** DATA SECTION **

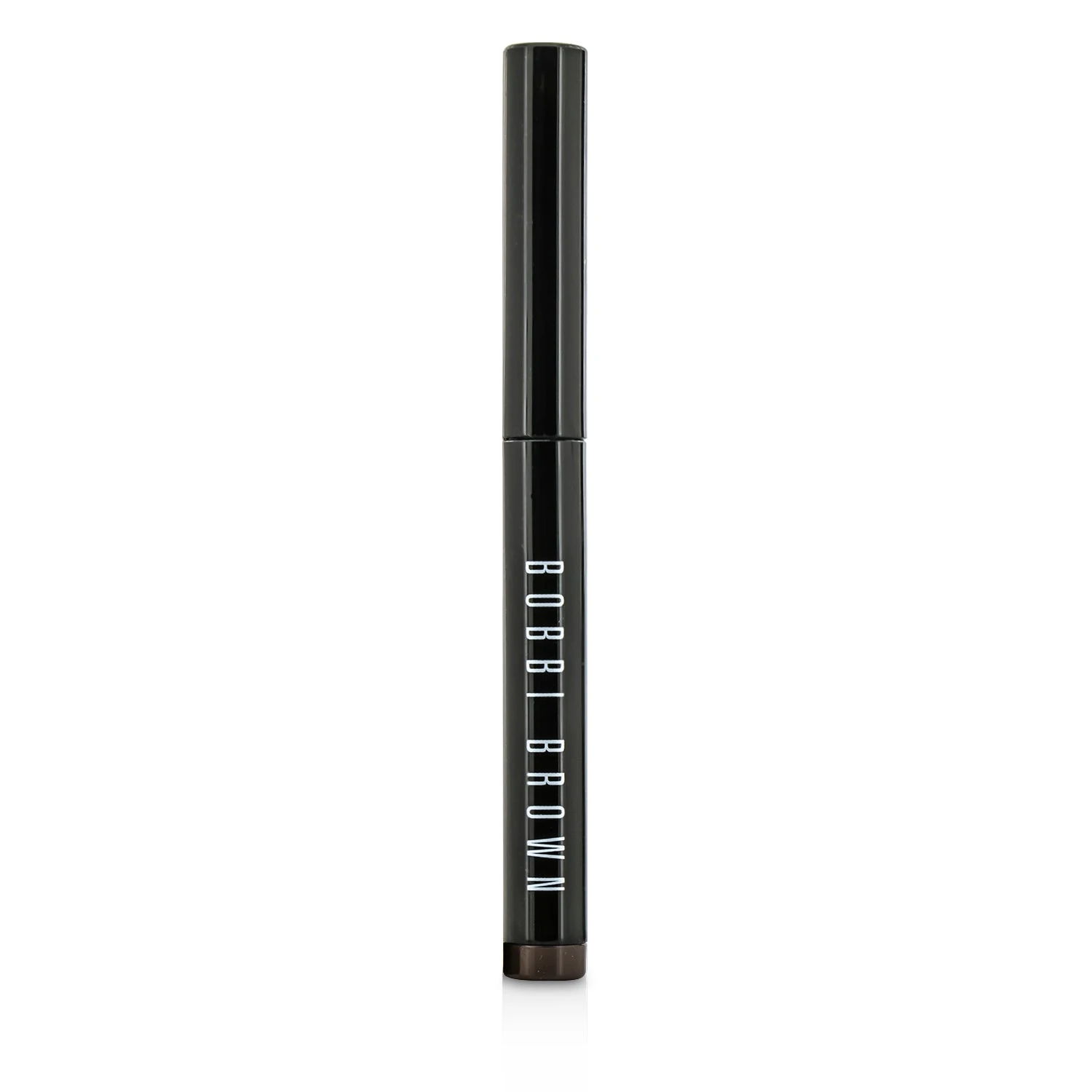Bobbi Brown Long Wear Cream Shadow Stick - #02 Violet Plum 1.6g/0.05oz 8 Bobbi Brown Long Wear Cream Shadow Stick - #02 Violet Plum 1.6g/0.05oz - Image 6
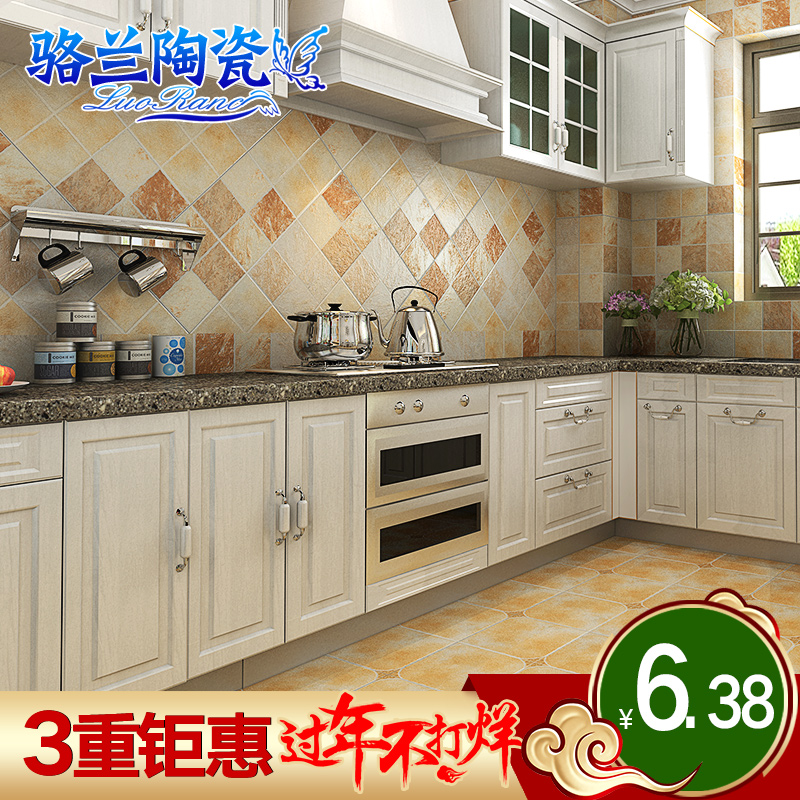 ������ʽשLR3080 LR3081 LR3082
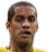 Rómulo Azevedo Simão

** TASK TO CARRY OUT **
Would you please set down the listing above exactly, minus its images?

** TASK SOLUTION **
Bobbi Brown Long Wear Cream Shadow Stick - #02 Violet Plum 1.6g/0.05oz 8 Bobbi Brown Long Wear Cream Shadow Stick - #02 Violet Plum 1.6g/0.05oz - Image 6
 ������ʽשLR3080 LR3081 LR3082
 Rómulo Azevedo Simão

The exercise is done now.